→ **Exercise prompt**: Restate all the data word for word and omit the pictures.
*** Opening Source records ***
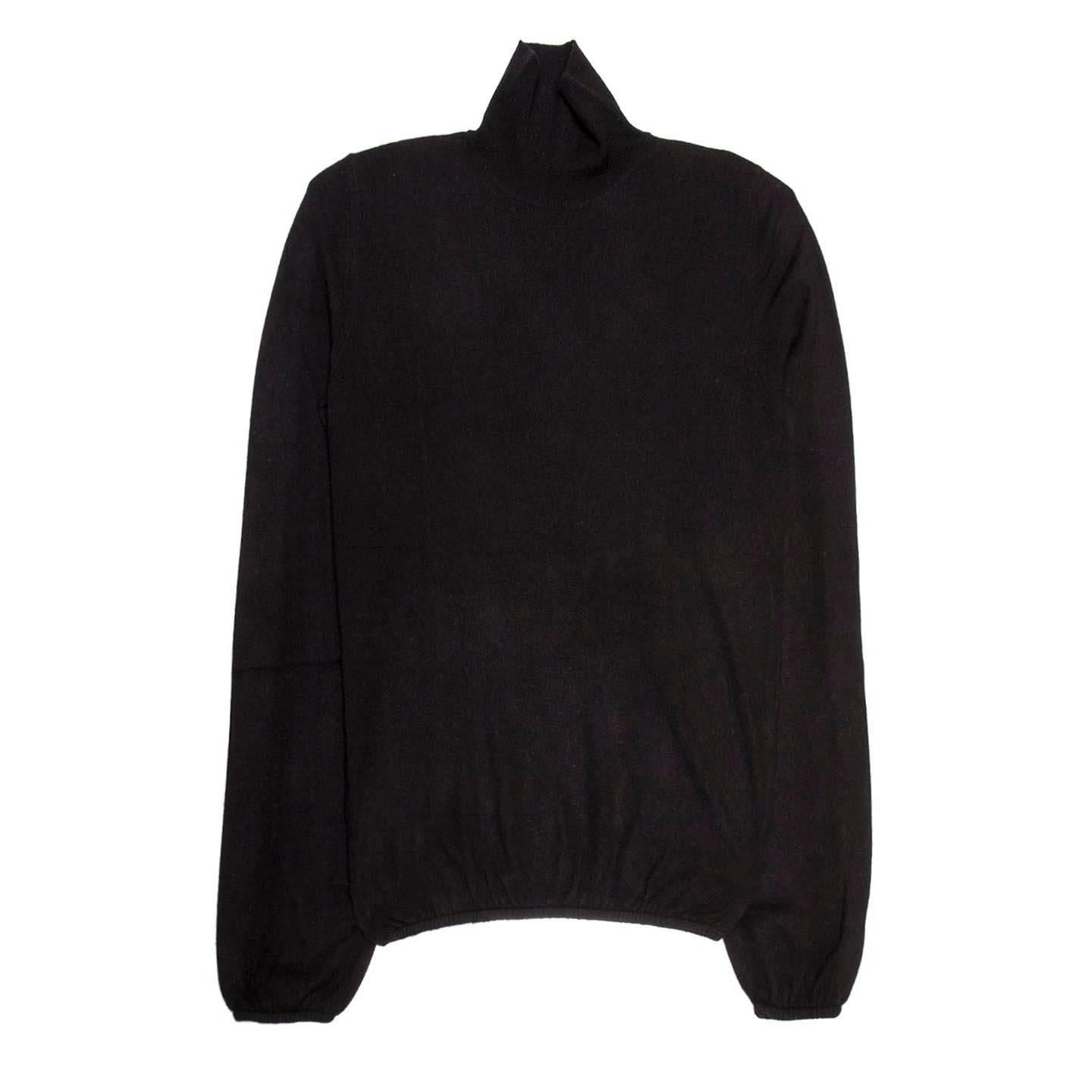 Black cashmere roll neck sweater with elastic gathers at hem and cuffs. Made in France.

Size  M Universal sizing 

Condition  Excellent: worn once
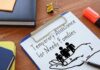 White House Rewires Childcare Cash Clipboard with TANF form and family icon on desk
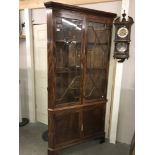 A mid 20th century astragal glazed corner cupboard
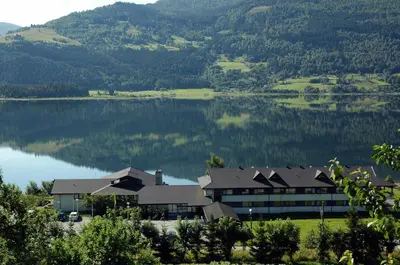 a building with a view of a lake and mountains at Voss Vandrarheim Hostel in Vossevangen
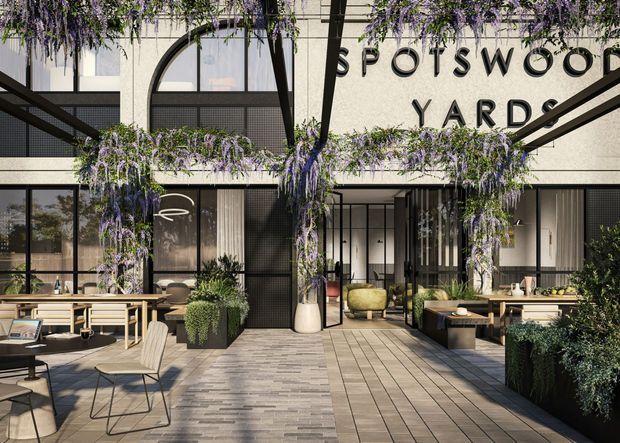 A contemporary landscaped courtyard and outdoor dining area at Spotswood Yards. The image shows a multi-storey building facade with large black-framed windows, arched glazing, pale textured walls, a prominent site sign, timber-look decking, climbing wisteria, raised planters, outdoor tables and chairs, and a glazed entrance leading indoors.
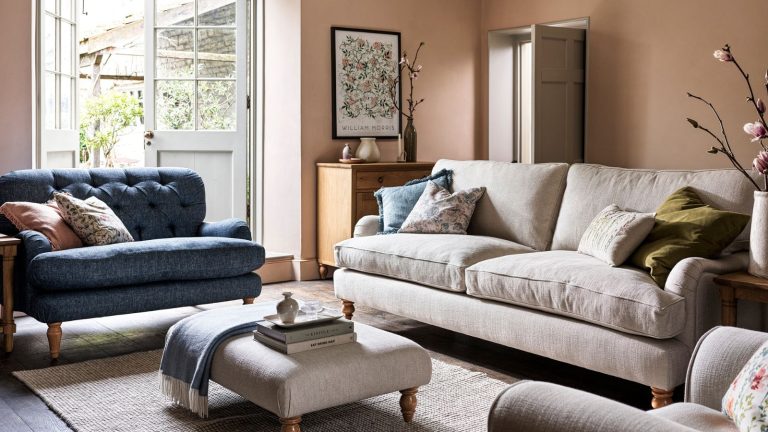 A pink living room with a cream sofa and blue sofa, around a small cream footstool coffee table.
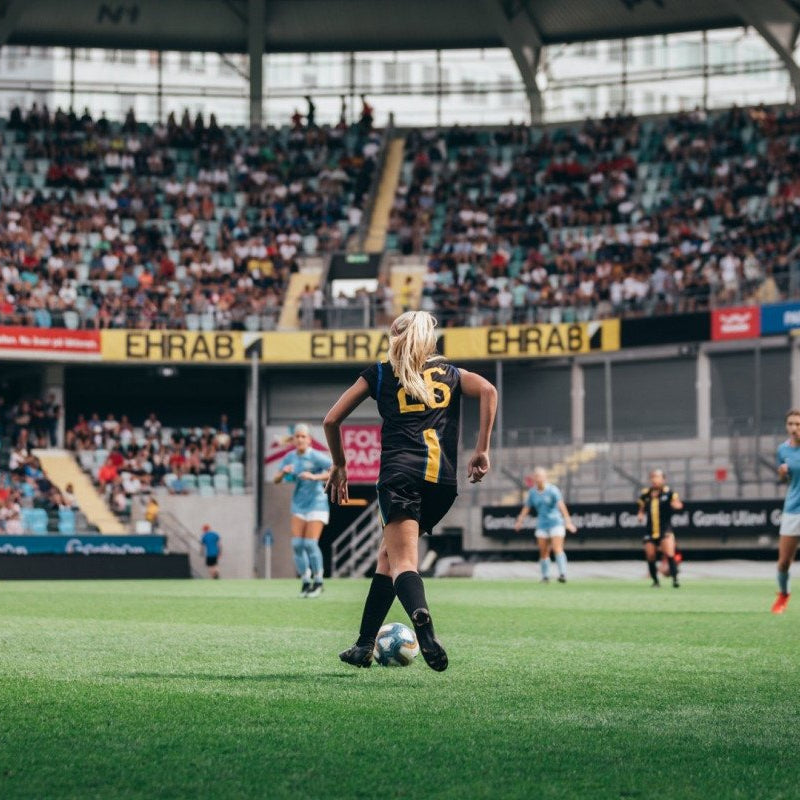 Soccer player in action on a field with spectators in the stands.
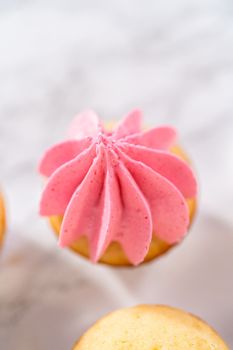 Piping ombre pink buttercream frosting on mini vanilla cupcakes.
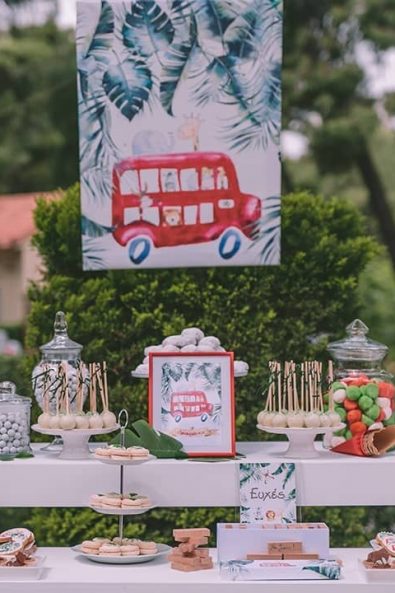 baby baptism candy bar with white tables, decorated with palm leaves and christening sweets such as biscuits, tarts, macarons, and marshmallows,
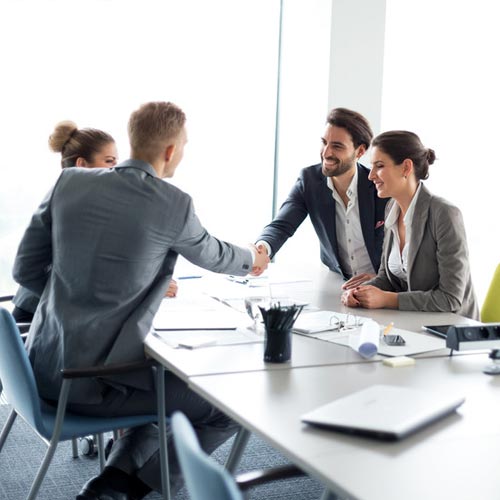 Happy couple meeting their financial advisor, shaking hands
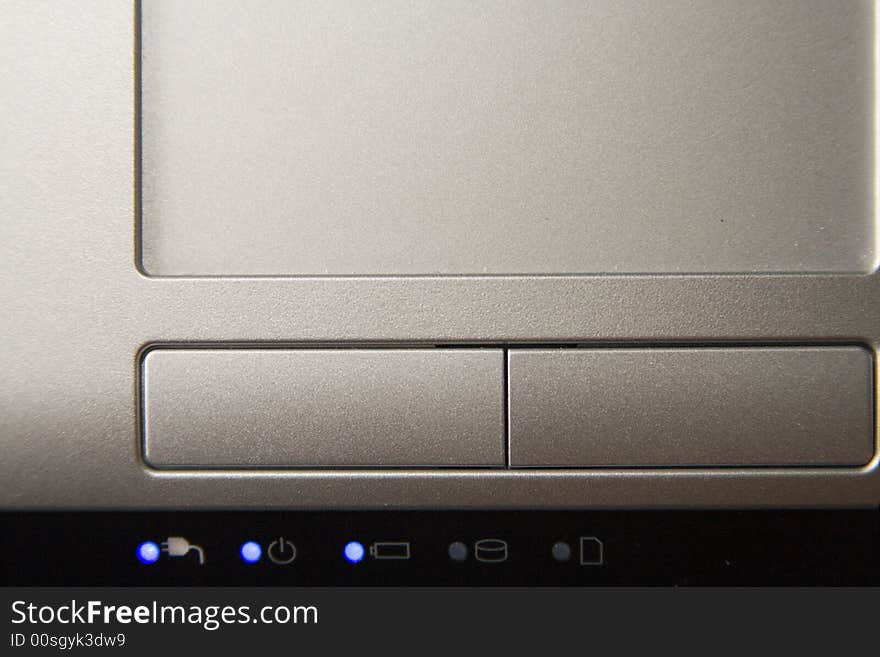 The touch pad of silvery color, is close located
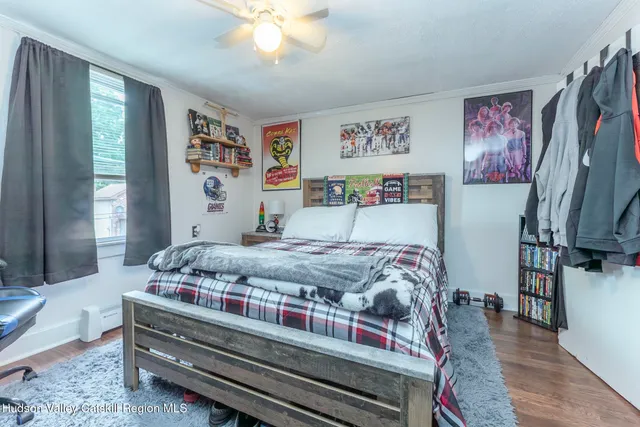 a bedroom with bed and wooden floor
*** Closing Source records ***
→ **Result of this task**:
 Black cashmere roll neck sweater with elastic gathers at hem and cuffs. Made in France.

Size  M Universal sizing 

Condition  Excellent: worn once
 White House Rewires Childcare Cash Clipboard with TANF form and family icon on desk
 A mid 20th century astragal glazed corner cupboard
 a building with a view of a lake and mountains at Voss Vandrarheim Hostel in Vossevangen
 A contemporary landscaped courtyard and outdoor dining area at Spotswood Yards. The image shows a multi-storey building facade with large black-framed windows, arched glazing, pale textured walls, a prominent site sign, timber-look decking, climbing wisteria, raised planters, outdoor tables and chairs, and a glazed entrance leading indoors.
 A pink living room with a cream sofa and blue sofa, around a small cream footstool coffee table.
 Soccer player in action on a field with spectators in the stands.
 Piping ombre pink buttercream frosting on mini vanilla cupcakes.
 baby baptism candy bar with white tables, decorated with palm leaves and christening sweets such as biscuits, tarts, macarons, and marshmallows,
 Happy couple meeting their financial advisor, shaking hands
 The touch pad of silvery color, is close located
 a bedroom with bed and wooden floor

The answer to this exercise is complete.